It’s a daunting reality for legal professionals working in mergers and acquisitions (M&A) within corporations and law firms globally – pre-merger misconduct is a substantial risk. Yet, there’s new hope on the horizon. The U.S Department of Justice has recently announced a Department-Wide M&A Safe Harbor Policy, creating temporary relief.
The policy aims to provide an acquiring organization with a limited measure of protection against enforcement actions when they discover misconduct prior to the merger. This is according to a recently published article by Alston & Bird from their White Collar, Government & Internal Investigations and Mergers & Acquisitions Teams.
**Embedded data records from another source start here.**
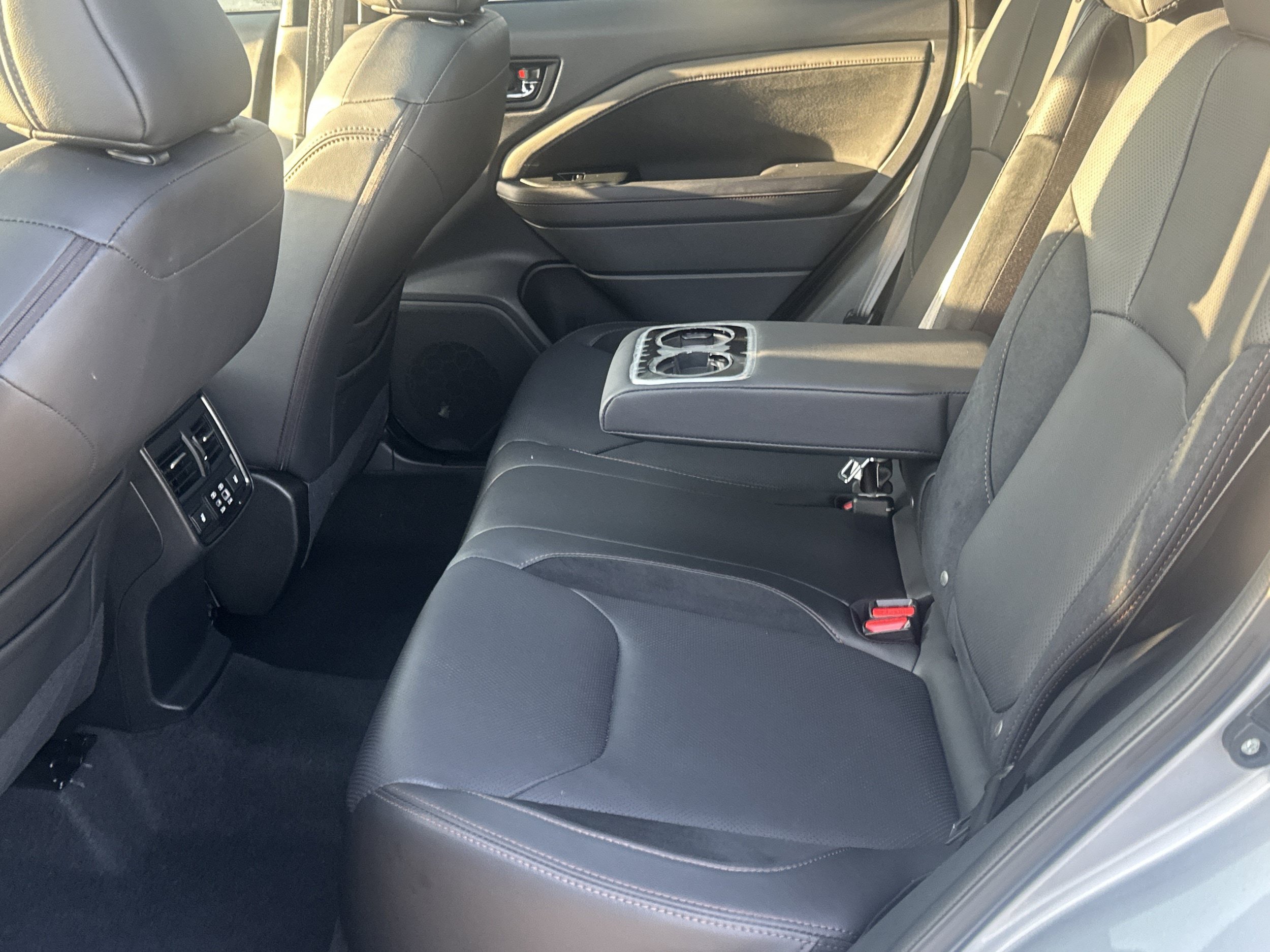 Used 2025 Subaru Forester Touring w/ Popular Package - Touring AWD/4WD image 20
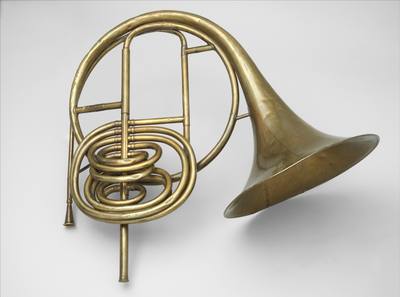 Cor omnitonique (1833) — French horn, photograph from The Met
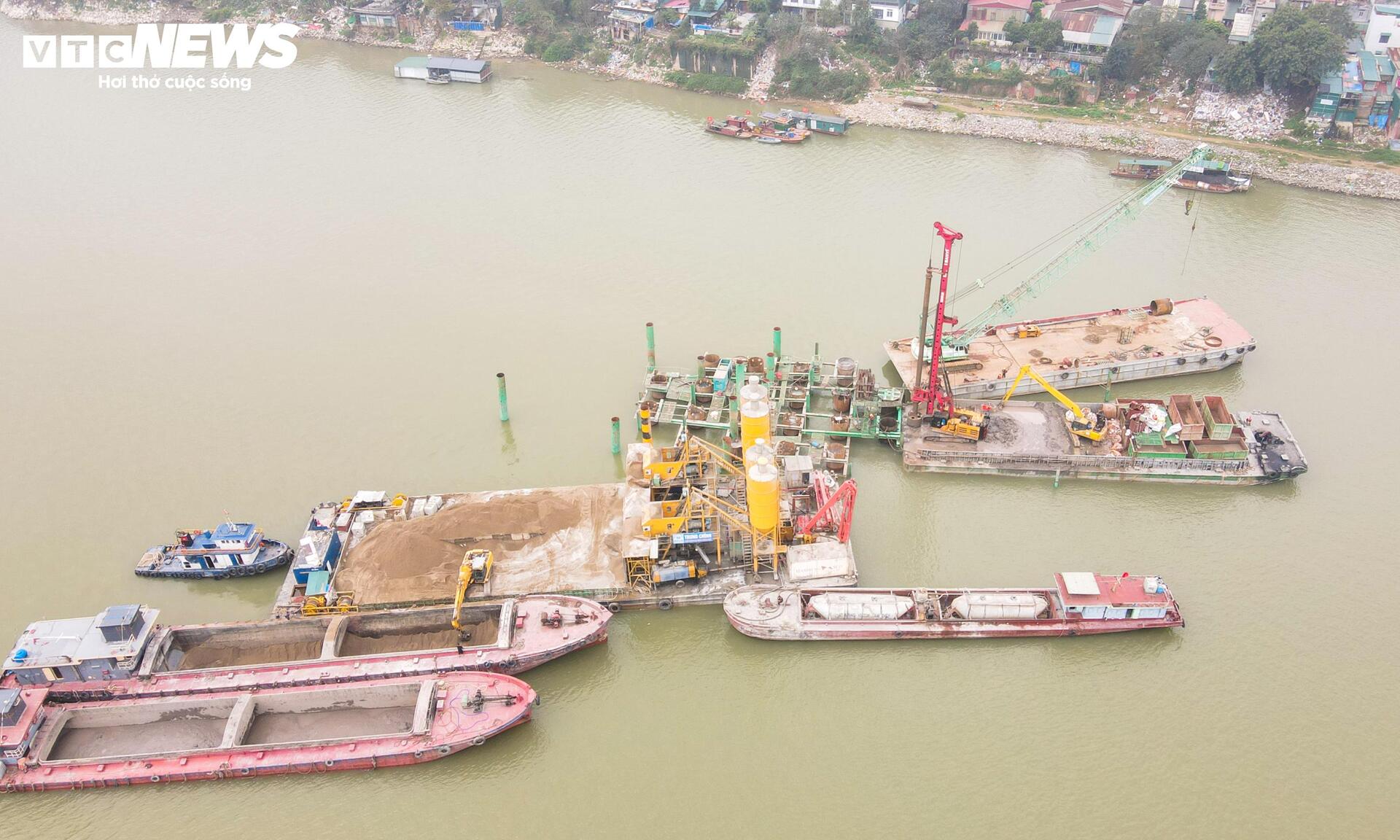 Công nhân, kỹ sư làm việc xuyên Tết tại dự án cầu trọng điểm của Hà Nội- Ảnh 2.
Yet, this policy is not an all-encompassing blanket of protection. Acquiring firms still need to demonstrate adherence to specific requirements to be considered eligible for safe harbor status. They must report the misconduct to the DOJ promptly, cooperate fully during the investigation, and rectify the issue at hand. The level of protection granted is further influenced by the acquiring company’s own culpability, or lack thereof, in the misconduct.
Although this move is a positive step for corporations and law firms involved in M&A, the responsibility to evaluate and mitigate risk lies heavily in the hands of both acquiring and targeted companies. Corporations need to make sure to conduct thorough due diligence, identify potential regulatory issues, and engage in remedial measures where needed. This newly established DOJ policy underlines the fundamental importance of corporate governance, self-policing, and proactive measures in shielding companies from potential legal pitfalls in the increasingly complex M&A landscape.